Fortune 500 Missing CISOs. Who’s Responsible for Security?

• According to the report, 38 percent of the 2019 Fortune 500 haven’t appointed a Chief Information Security Officer (CISO).
• Almost 77 percent of the Fortune 500 have no mention of individuals responsible for security strategy on their websites.

We are being often asked in our personal and professional life to look up to your role model and find some inspiration if we have to succeed. But, here we have an exceptional case from an unexpected group of achievers—Fortune 500.

What’s in the news

To uncover how the world’s leading companies are leading by example to deploy cybersecurity initiatives, Bitglass researched the organizations in the 2019 Fortune 500 and analyzed public-facing information (from what is available on their websites). Here are the Bitglass report findings summarized the 2019 Fortune 500 companies:

• 38 percent of companies are operating without appointing a CISO in position.
• Only 16 percent (of 38 percent) have another executive listed as responsible for cybersecurity strategy, such as a VP of security.
• 62 percent majority do have CISOs but merely 4 percent of them have listed it on their company leadership pages.
• 77 percent of companies have no mention of any individual on their website responsible for security strategy.
• 52 percent of companies do not have any language relating to customer or partner data protection.

"Corporate social responsibility initiatives have made it onto the websites of the Fortune 500, but research has shown that the same level of importance is not being given to publicly demonstrating commitment to cybersecurity initiatives," said Anurag Kahol, chief technology officer of Bitglass. "Lax security and its resulting breaches have long-term repercussions for organizations as well as their customers, shareholders, partners, and other stakeholders. Members of the Fortune 500 should be focused just as much on protecting personal data and consumer privacy as they are on other areas of social responsibility."

More from the report

Bitglass report titled ‘Cloudfathers Fortune 500 Cybersecurity Report’ reportedly scanned the websites of Fortune 500 companies for key cyber-security phrases, job titles, and security mission statements.

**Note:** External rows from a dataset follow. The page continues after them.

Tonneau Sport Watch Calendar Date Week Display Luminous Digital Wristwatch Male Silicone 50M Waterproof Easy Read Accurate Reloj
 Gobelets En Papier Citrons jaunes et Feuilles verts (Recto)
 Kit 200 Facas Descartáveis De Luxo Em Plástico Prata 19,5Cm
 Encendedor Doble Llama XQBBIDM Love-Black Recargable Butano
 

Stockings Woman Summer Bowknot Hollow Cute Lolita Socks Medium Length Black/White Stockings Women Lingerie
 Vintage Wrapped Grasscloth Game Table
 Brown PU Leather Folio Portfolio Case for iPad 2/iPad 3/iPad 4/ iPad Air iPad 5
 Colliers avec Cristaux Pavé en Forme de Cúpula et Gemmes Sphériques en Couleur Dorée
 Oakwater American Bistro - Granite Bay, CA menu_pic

According to researchers, levels of engagement with security practices varied widely by industry vertical. Aerospace, finance and technology firms considerably were ahead of its peers in the hospitality, construction and oil and gas industries.

Most security-concerned industries

• With 57 percent of companies dedicating an executive for cybersecurity strategy, the transportation industry was the most secured.
• 33 percent of companies in the aerospace industry and 30 percent in insurance industry came second and third, respectively.
• Interestingly, 89 percent of organizations from aerospace had information hosted on their websites how they protect the data of customers and partners. Aerospace was followed by finance 72 percent and technology 66 percent.

Least security-concerned industries

• Hospitality companies had no responsible executive listed for cybersecurity strategy.
• Following closely, the manufacturing and telecommunications industries had 8 percent and 9 percent of companies, respectively, with authorized personnel for cybersecurity.
• Within each of the construction, hospitality, and oil & gas industries, only 25 percent of organizations had information on their websites about how they offer protection to customer and partner data.

However, Europe-wide regulations such as GDPR require enterprises, processing humongous volumes of customer data, to internally nominate a Data Protection Officer (DPO). Yet, there isn’t a provision that they should be publicly visible.